[Start of section]

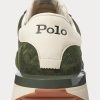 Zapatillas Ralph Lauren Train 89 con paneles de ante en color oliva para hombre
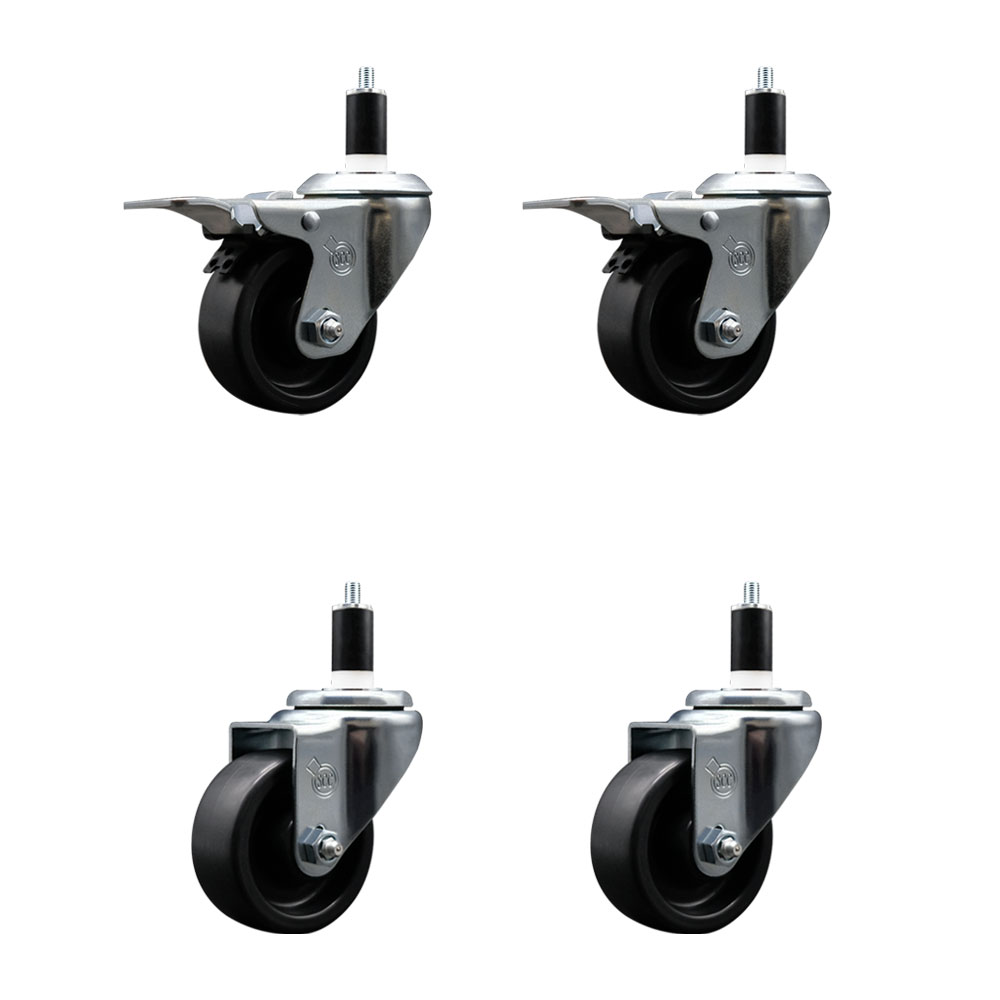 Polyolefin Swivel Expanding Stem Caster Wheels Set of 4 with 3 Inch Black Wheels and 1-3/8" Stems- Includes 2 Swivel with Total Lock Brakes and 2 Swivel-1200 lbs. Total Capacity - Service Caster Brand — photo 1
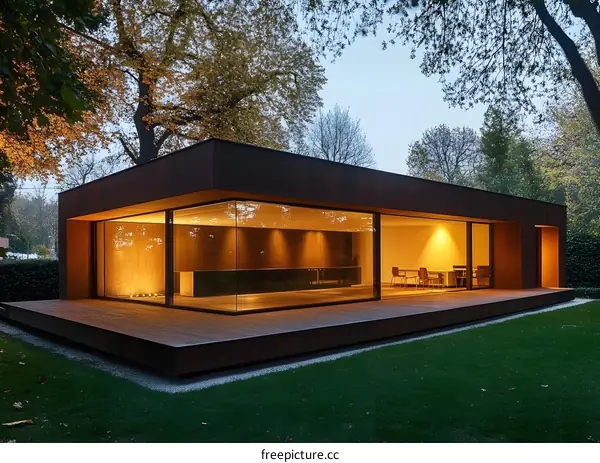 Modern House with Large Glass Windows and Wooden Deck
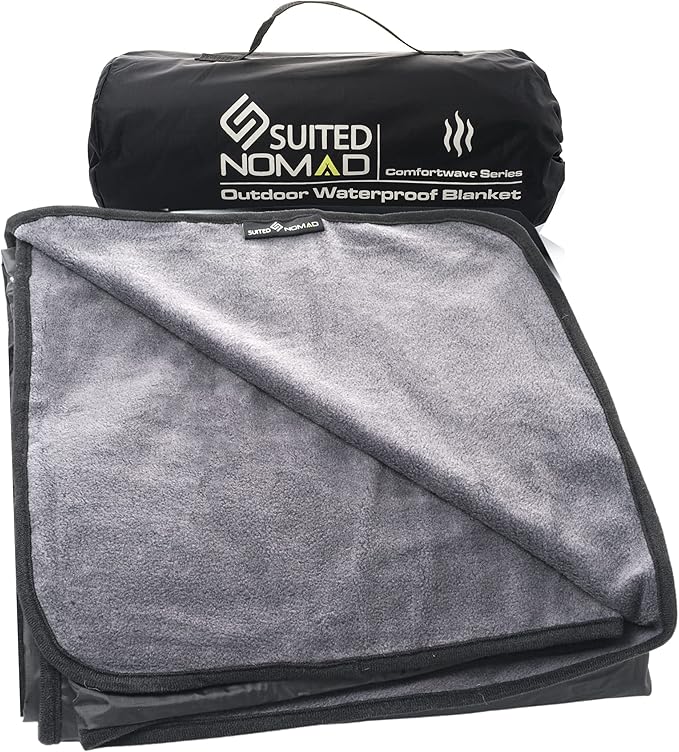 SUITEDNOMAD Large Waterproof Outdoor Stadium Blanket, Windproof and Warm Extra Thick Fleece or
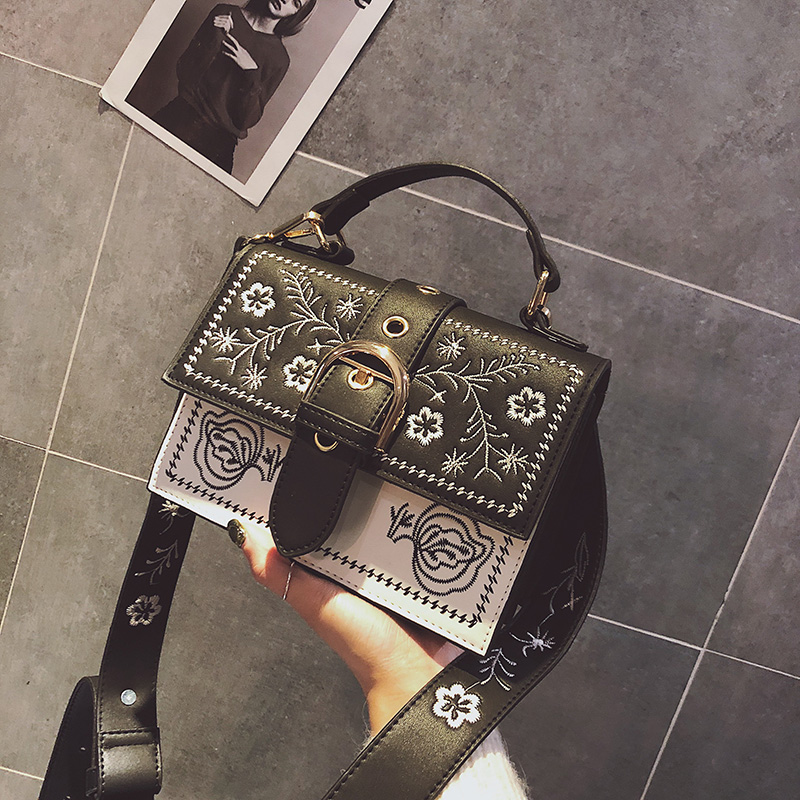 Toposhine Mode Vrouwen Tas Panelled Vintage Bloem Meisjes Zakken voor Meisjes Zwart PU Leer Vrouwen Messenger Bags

[End of section]

- [WORK REQUIRED]:
Copy each line of the records above without change, but do not include any picture.

- [RESULT OF THE EXERCISE]:
 Zapatillas Ralph Lauren Train 89 con paneles de ante en color oliva para hombre
 Polyolefin Swivel Expanding Stem Caster Wheels Set of 4 with 3 Inch Black Wheels and 1-3/8" Stems- Includes 2 Swivel with Total Lock Brakes and 2 Swivel-1200 lbs. Total Capacity - Service Caster Brand — photo 1
 Modern House with Large Glass Windows and Wooden Deck
 SUITEDNOMAD Large Waterproof Outdoor Stadium Blanket, Windproof and Warm Extra Thick Fleece or
 Toposhine Mode Vrouwen Tas Panelled Vintage Bloem Meisjes Zakken voor Meisjes Zwart PU Leer Vrouwen Messenger Bags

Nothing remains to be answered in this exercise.